> **Exercise directions**: From the entries below, print exactly the span beginning with the line holding "Hangar 52x24x10 m., For" and ending with the line holding "Karcode Barkod Oluşturma Aracı", endpoints included, and skip any pictures.

> **Input**:
====================

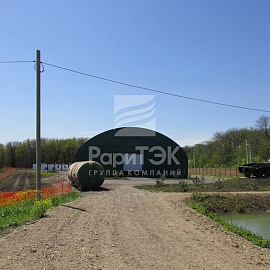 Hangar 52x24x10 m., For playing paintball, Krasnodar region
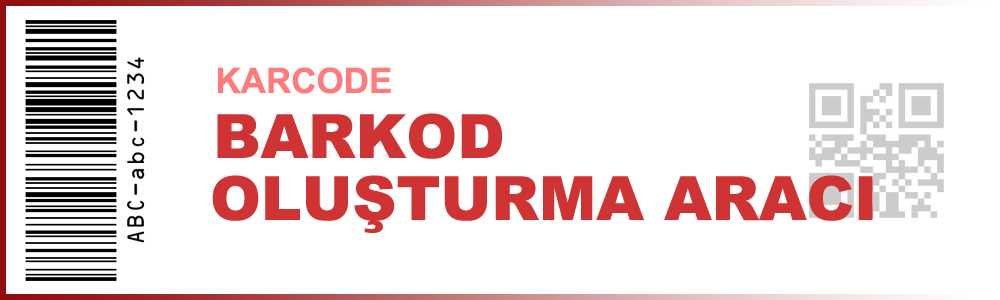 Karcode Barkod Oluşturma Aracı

====================

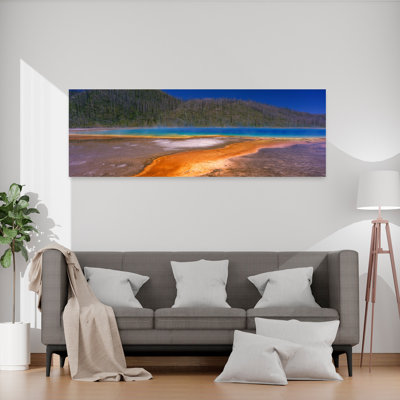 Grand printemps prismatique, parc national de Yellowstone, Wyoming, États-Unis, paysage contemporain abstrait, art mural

====================

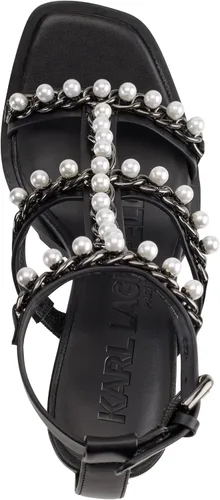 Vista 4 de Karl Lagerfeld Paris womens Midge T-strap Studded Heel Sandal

====================

> **Written reply**:
 Hangar 52x24x10 m., For playing paintball, Krasnodar region
 Karcode Barkod Oluşturma Aracı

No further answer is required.